Exercise description:
Your answer must be the exact lines below, starting with the line with "Kırmızı cam yüzeydeki" and going on through the line with "As officials struggle", both included, with no pictures.

Scraped caption text data:
* * * * * * *

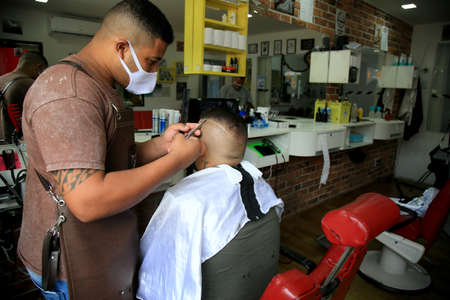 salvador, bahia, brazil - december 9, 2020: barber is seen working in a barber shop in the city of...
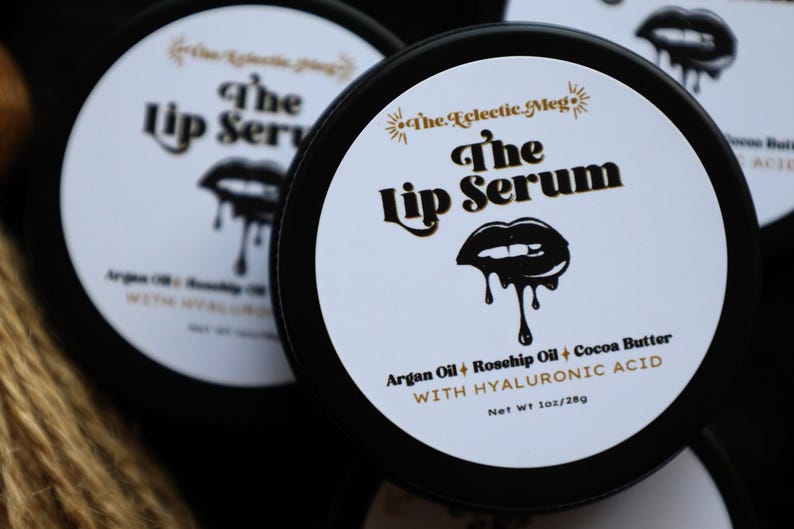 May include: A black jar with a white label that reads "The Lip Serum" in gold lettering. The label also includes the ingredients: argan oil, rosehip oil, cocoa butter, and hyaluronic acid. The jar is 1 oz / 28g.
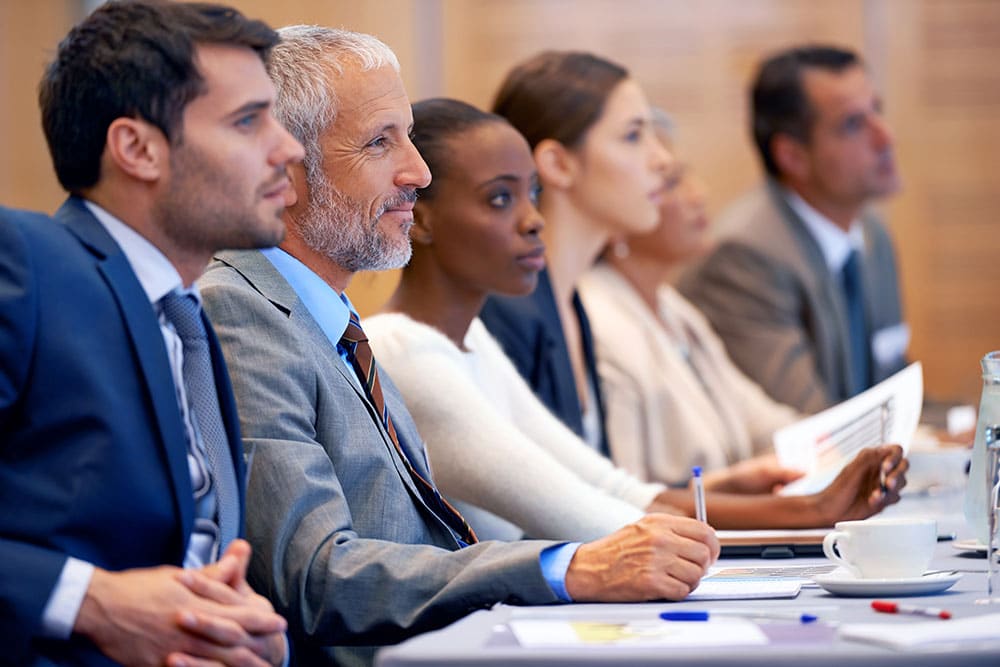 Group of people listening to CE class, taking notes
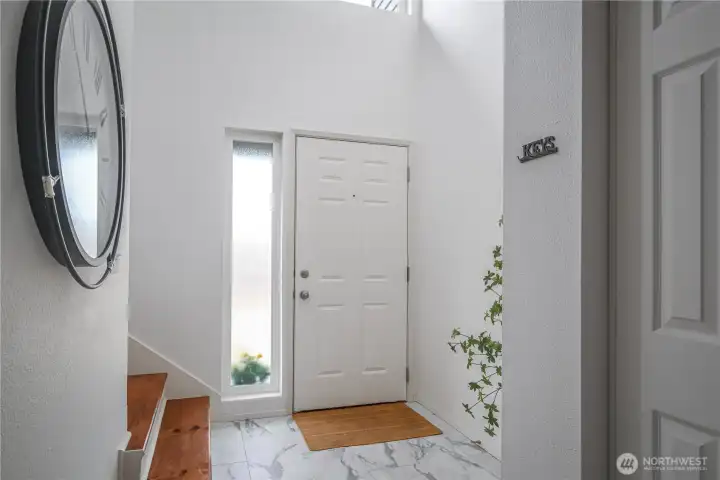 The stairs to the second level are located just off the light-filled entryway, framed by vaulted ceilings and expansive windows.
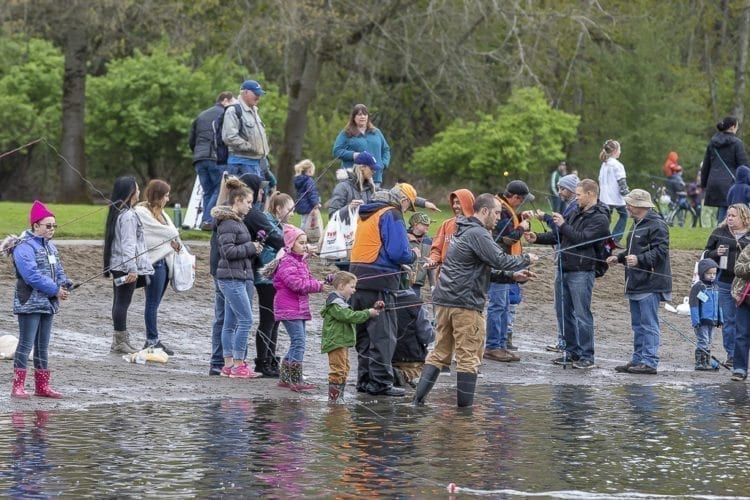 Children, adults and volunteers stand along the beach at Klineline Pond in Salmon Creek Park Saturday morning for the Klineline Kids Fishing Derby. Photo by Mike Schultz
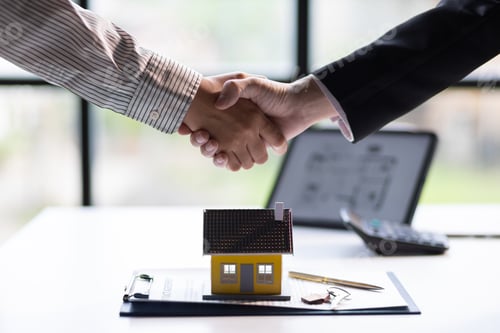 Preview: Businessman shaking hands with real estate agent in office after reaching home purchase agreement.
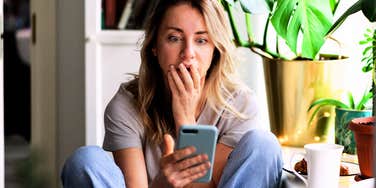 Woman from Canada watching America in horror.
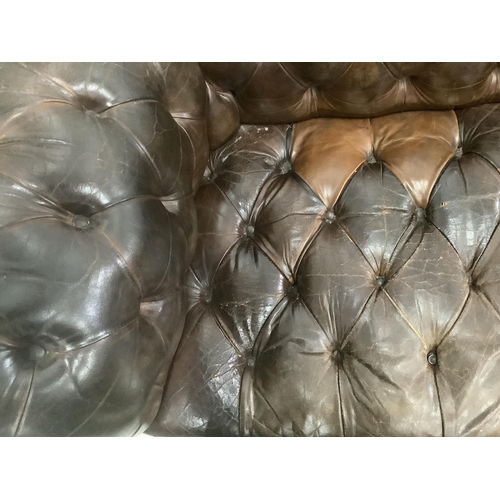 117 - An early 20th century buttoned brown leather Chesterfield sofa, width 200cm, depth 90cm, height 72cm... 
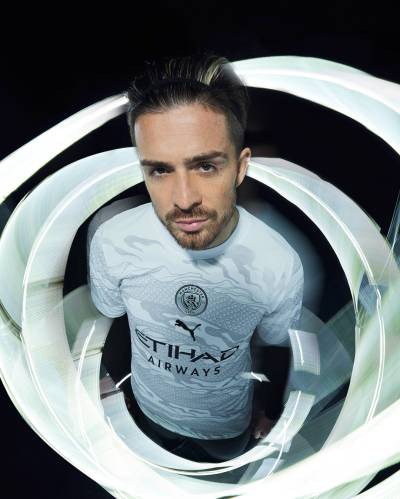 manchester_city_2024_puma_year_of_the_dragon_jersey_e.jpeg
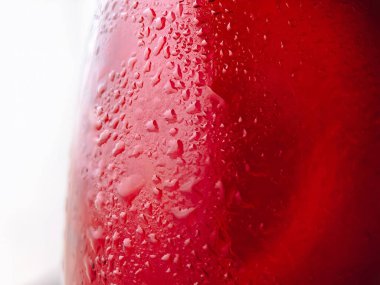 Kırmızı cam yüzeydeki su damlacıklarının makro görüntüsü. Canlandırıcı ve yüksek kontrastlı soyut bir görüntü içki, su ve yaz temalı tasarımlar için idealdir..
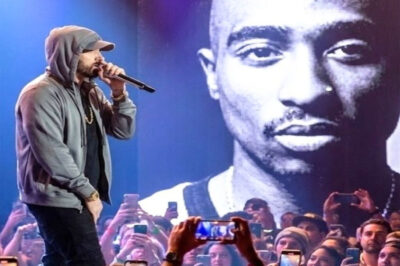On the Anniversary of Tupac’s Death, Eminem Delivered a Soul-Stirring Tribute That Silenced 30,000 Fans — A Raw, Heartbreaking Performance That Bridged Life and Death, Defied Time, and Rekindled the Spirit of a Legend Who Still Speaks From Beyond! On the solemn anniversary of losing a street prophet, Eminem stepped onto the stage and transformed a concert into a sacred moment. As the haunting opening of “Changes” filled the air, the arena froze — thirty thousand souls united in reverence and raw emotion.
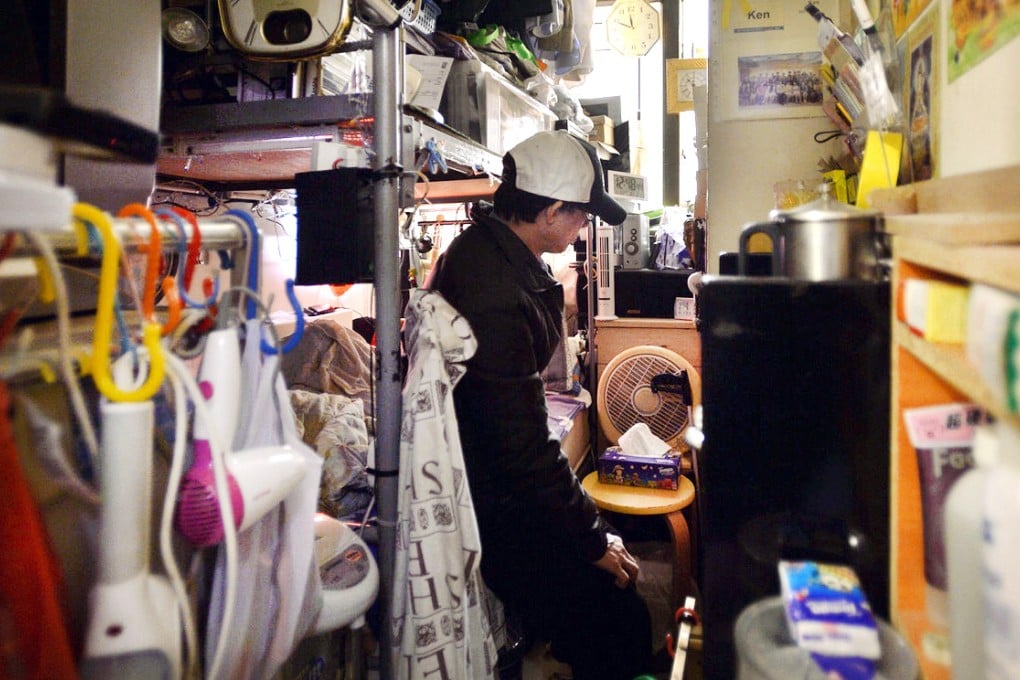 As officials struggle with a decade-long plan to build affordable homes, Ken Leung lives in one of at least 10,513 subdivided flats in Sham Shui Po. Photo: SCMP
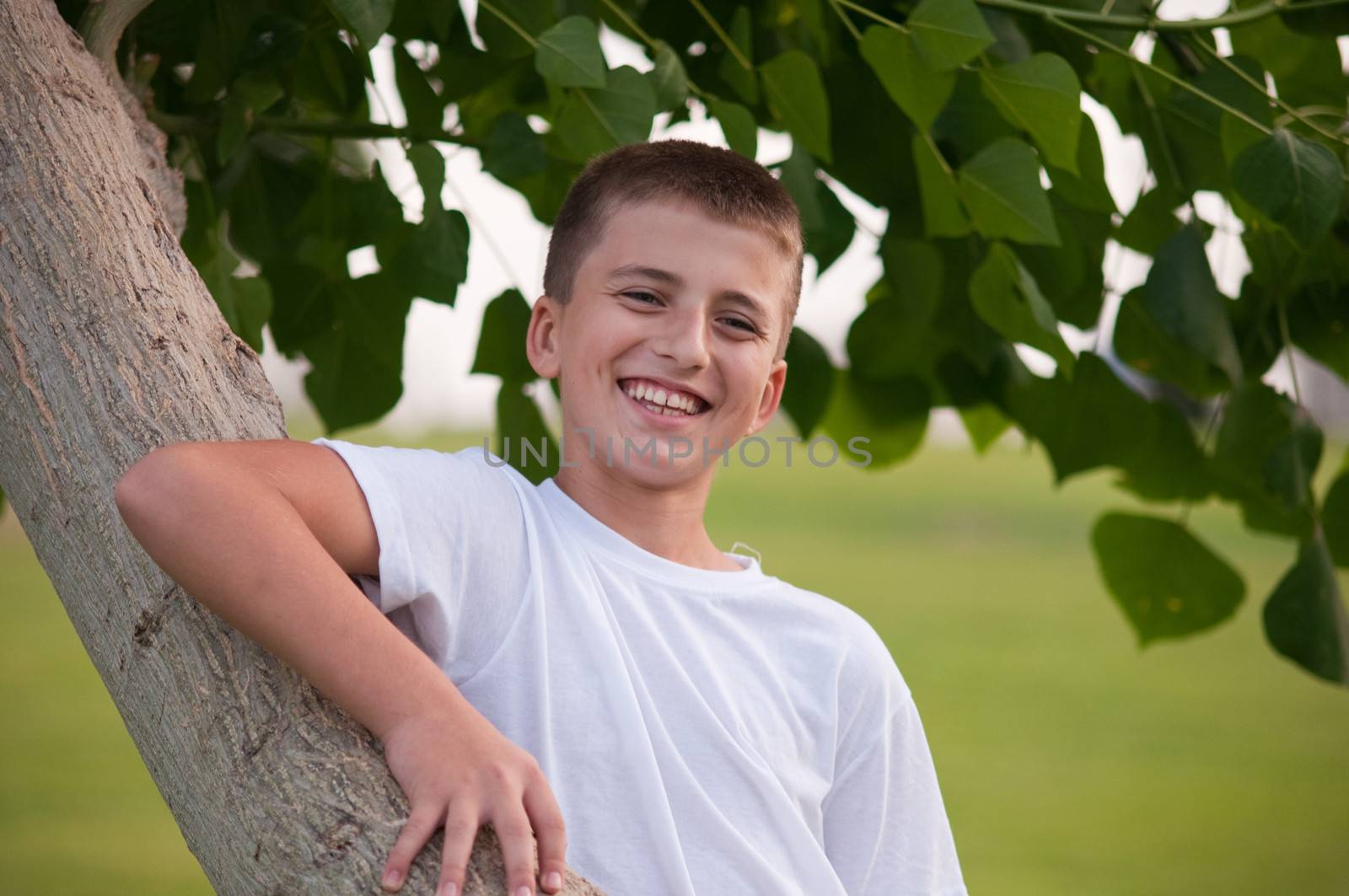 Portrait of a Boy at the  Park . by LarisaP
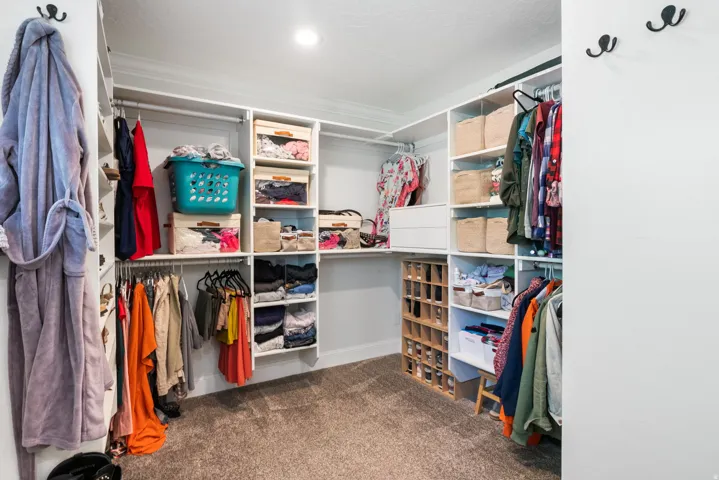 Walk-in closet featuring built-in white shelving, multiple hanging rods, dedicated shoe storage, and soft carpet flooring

* * * * * * *

Task answer:
 Kırmızı cam yüzeydeki su damlacıklarının makro görüntüsü. Canlandırıcı ve yüksek kontrastlı soyut bir görüntü içki, su ve yaz temalı tasarımlar için idealdir..
On the Anniversary of Tupac’s Death, Eminem Delivered a Soul-Stirring Tribute That Silenced 30,000 Fans — A Raw, Heartbreaking Performance That Bridged Life and Death, Defied Time, and Rekindled the Spirit of a Legend Who Still Speaks From Beyond! On the solemn anniversary of losing a street prophet, Eminem stepped onto the stage and transformed a concert into a sacred moment. As the haunting opening of “Changes” filled the air, the arena froze — thirty thousand souls united in reverence and raw emotion.
 As officials struggle with a decade-long plan to build affordable homes, Ken Leung lives in one of at least 10,513 subdivided flats in Sham Shui Po. Photo: SCMP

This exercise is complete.